View Full Version : Pregnant active-duty reservists allowed to stay at work stations



thedrifter
01-30-07, 08:41 AM
Pregnant active-duty reservists allowed to stay at work stations

By John Hoellwarth - Staff writer
Posted : February 05, 2007

Activated reservists will no longer be separated from active duty if they become pregnant, according to a Jan. 19 Corps-wide message.

Instead, they will fall under the same policy on pregnancy for active-duty Marines that keeps them in their work sections but prohibits them from deploying, according to MarAdmin message 27/07.

The new change to the Corps’ policy on pregnant reservists, last updated in 2004, is the result of “input that many wanted to continue staying on,” said manpower policy analyst Capt. Stephen Foster. “We felt that was appropriate.”

Sixteen pregnant Marines were released from active duty last year, according to numbers released by the Marine Corps’ Reserve Affairs Division. But the number of Marines affected by the policy change is unknown because the new rules affect inactivated reservists as well by limiting their mobilization eligibility in the first place. As of press time, the Marine Corps did not have data on how many Marines could not be mobilized because of pregnancy last year, said manpower spokesman 1st Lt.

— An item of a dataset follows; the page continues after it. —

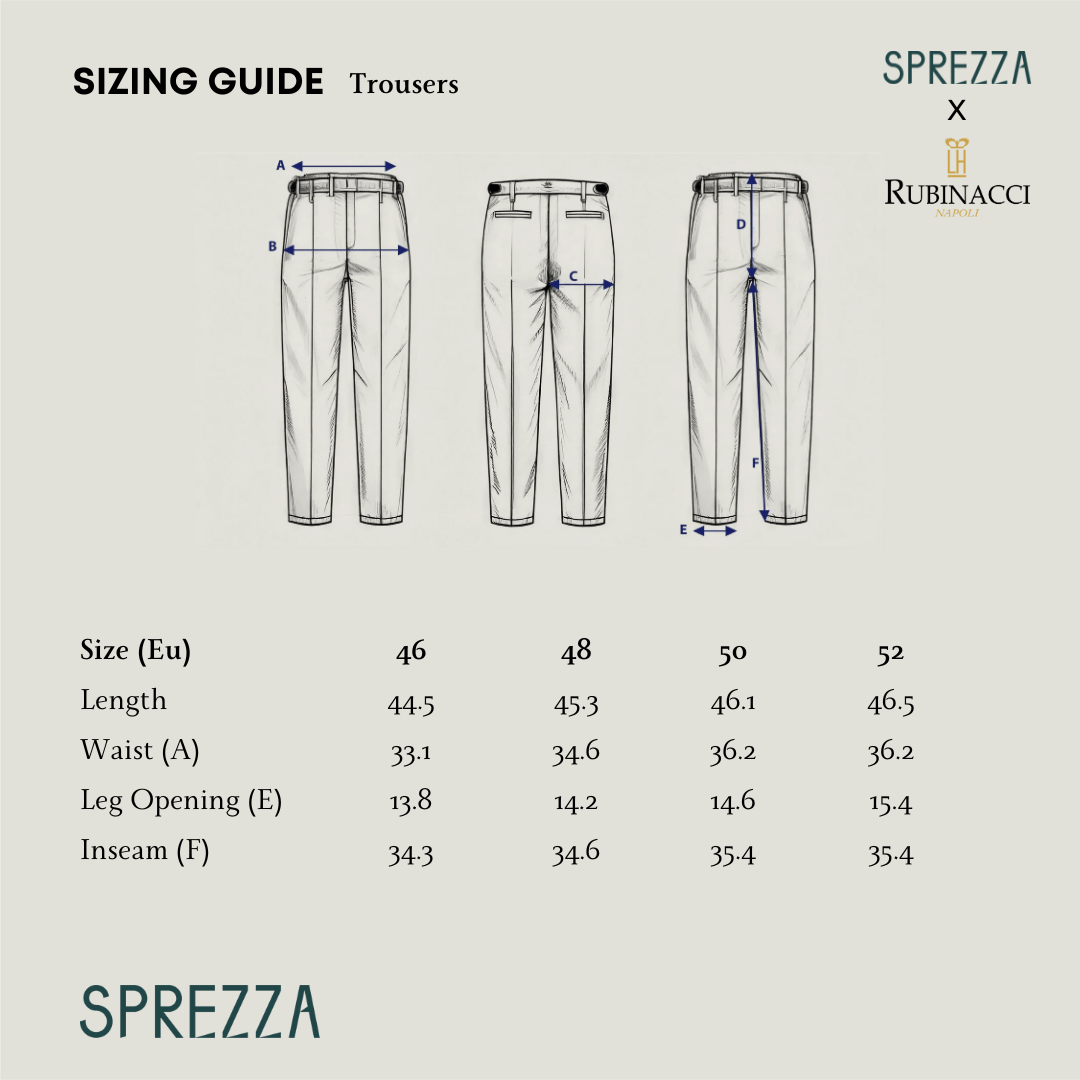 Sprezza X Rubinacci - Fresco Wool Manny Trousers- Navy Blue Sprezza X Rubinacci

Rob Dolan.

Before the Corps changed its policy to allow this to happen, “The initial logic was that it allowed the reservist to get back to where that support unit, their family, was,” Foster said.

But, Foster said, “nowadays, many active-duty orders are [permanent change-of-station] orders,” meaning that the Marines who receive them can relocate their families to be near them at the government’s expense.

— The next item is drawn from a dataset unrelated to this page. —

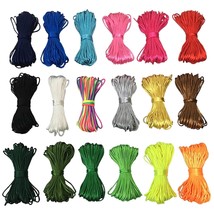 2Mm 18 Bundles 198 Yards Quality Rattail Nylon Satin Cord Assorted Color... - £18.09 GBP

If a Marine affiliated with a mobilized Selected Marine Corps Reserve unit becomes pregnant during pre-deployment training, she will have to stay in the rear.

“There are plenty of jobs that the Corps needs that that individual can fulfill,” Foster said. “Most likely her unit is maintaining people back stateside, and she might stay with her unit and support the war from there.”

Although the new policy keeps already activated pregnant reservists on duty, it places restrictions on when a pregnant Reserve Marine can be activated in the first place.

Pregnant reservists cannot be assigned “inactive duty for training,” such as Individual Ready Reserve musters, within 30 days of their expected delivery date. Also, after 28 weeks of pregnancy, they are ineligible for activation orders and exempt from participating in their unit’s annual training drills, according to the message.